Updated libraries on hexagon, Dec. 15th

lsz075 • December 15, 2008

Several key software and library packages have now been updated on hexagon.
We recommend that you recompile your programs to get the increased performance and fixes that has been introduced. Note that you need to log out and in again to get the new modules loaded by default.

See below for some excerpts from the release notes.

MPI and compiler wrappers:
xt-mpt 3.0.4 -> 3.1.0
xt-asyncpe 1.2 -> 2.0

Math libs (LAPACK, BLAS etc):
xt-libsci 10.3.0 -> 10.3.1

Notes regarding new MPI version from Cray:

This MPT 3.1 version contains the following new features.

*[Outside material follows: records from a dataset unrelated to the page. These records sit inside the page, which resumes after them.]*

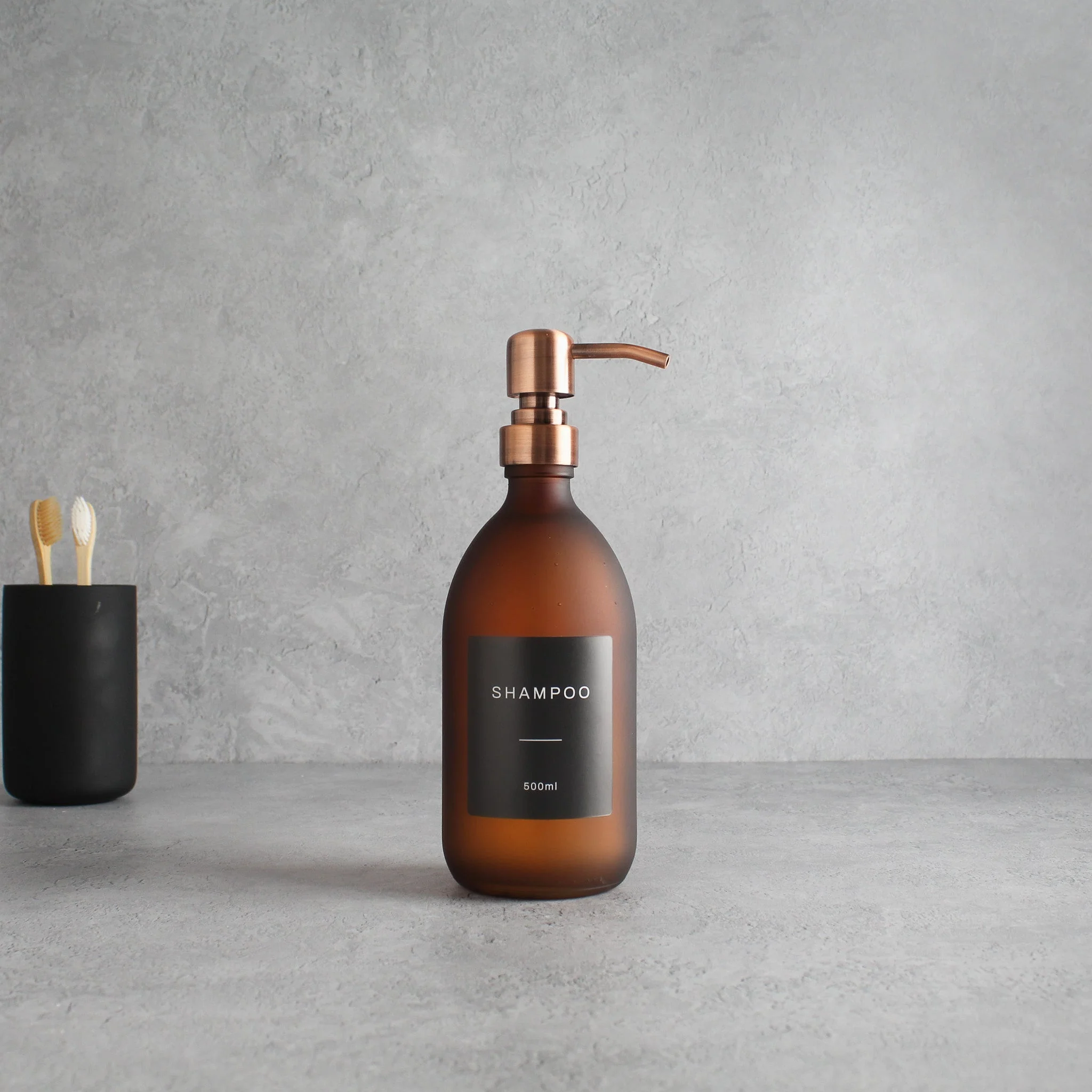 Labelled Frosted Amber Glass Dispenser Bottle With Rose Gold Pump - Image 4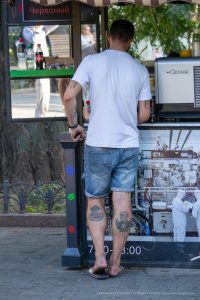 Фото тату на спине мужчины: абстрактный рисунок в черно-серых тонах. Эскиз татуировки состоит из геометрических фигур и линий.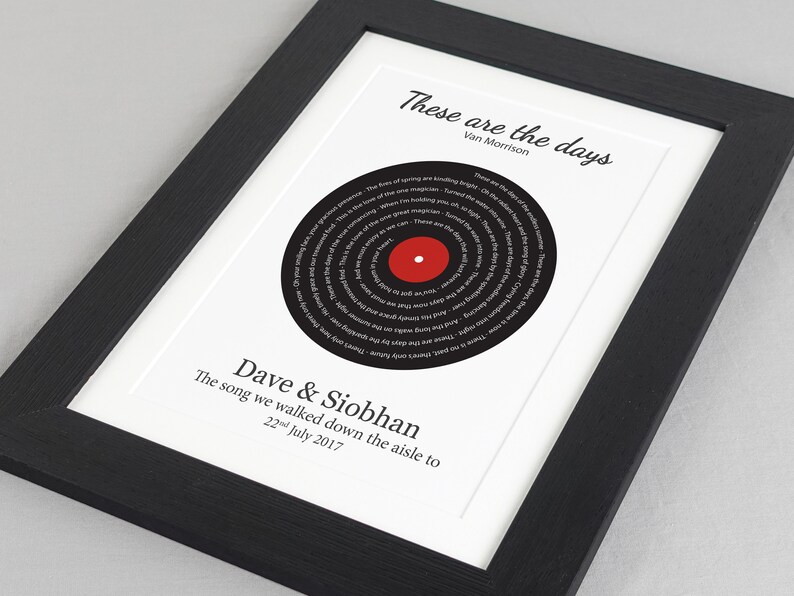 May include: A black and white framed print with a black vinyl record design in the center. The record has the lyrics to the song "These Are the Days" by Van Morrison printed in a spiral pattern. The text "Dave & Siobhan" and "The song we walked down the aisle to 22nd July 2017" is printed below the record.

* Move from MPICH2 1.0.4p1 to MPICH2 1.0.6p1
* Cpu affinity support
* Raise the maximum number of MPI ranks from 64,000 to 256,000 ranks.
* Raise the maximum number of SHMEM PEs from 32,000 to 256,000 SHMEM PEs.
* Automatically-tuned default values for MPICH environment variables
* Dynamic allocation of MPI internal message headers
* Improvements to start-up times when running at high process counts(40K
cores or more)
* Significant performance improvements for the MPI_Allgather collective
* Improvements for some error messages
* Wildcard matching for filenames in MPICH_MPIIO_HINTS
* Support for the Cray Compiling Environment (CCE) 7.0 compiler in
x86 ABI compatible mode
* MPI Barrier before collectives
* MPI-IO collective buffering alignment
* MPI Thread Safety
* Improved performance for on-node very large discontiguous messages

More detail for some of these below.

* Move from MPICH2 1.0.4p1 to MPICH2 1.0.6p1
- Performance improvements for derived datatypes (including packing and
communication) through loop-unrolling and buffer alignment.

- Performance improvements for MPI_Gather when non-power-of-two processes are
used, and when a non-zero ranked root is performing the gather.

- MPI_Comm_create now works for intercommunicators.

- Many other bug fixes, memory leak fixes and code cleanup.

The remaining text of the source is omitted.